Special named lattices
This module provides a constructor for some special named lattices.
AUTHORS:
- Jan Poeschko (2012-08-10): initial version
"""
#*****************************************************************************
# Copyright (C) 2012 Jan Poeschko <jan@poeschko.com>
#
# Distributed under the terms of the GNU General Public License (GPL)
# as published by the Free Software Foundation; either version 2 of
# the License, or (at your option) any later version.

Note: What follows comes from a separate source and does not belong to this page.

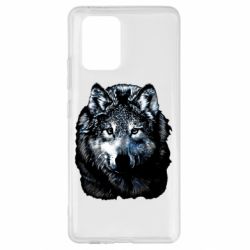 Чехол для Samsung S10 Lite Волк гравюра - PrintSalon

# http://www.gnu.org/licenses/
#*****************************************************************************
def special_lattice(name):
"""
Construct a special named lattice.
INPUT:
- ``name`` -- the name of the lattice to construct (as a string).
The list of supported names is returned by :func:`special_lattice_names`.
OUTPUT:
A lattice.
EXAMPLES::
sage: special_lattice('SquareLattice').embedded_basis()
[(1, 0), (0, 1)]
Consider the Leech lattice::
sage: leech = special_lattice('Leech')
sage: leech
ZZ-lattice of degree 24 and rank 24
Inner product matrix:
24 x 24 dense matrix over Integer Ring
Basis matrix:
24 x 24 dense matrix over Algebraic Field
The Leech lattice is unimodular::
sage: leech.is_unimodular()
True
"""
from constructor import Lattice
basis = _basis.get(name)
if basis is not None:
return Lattice(basis=basis, reduce=False)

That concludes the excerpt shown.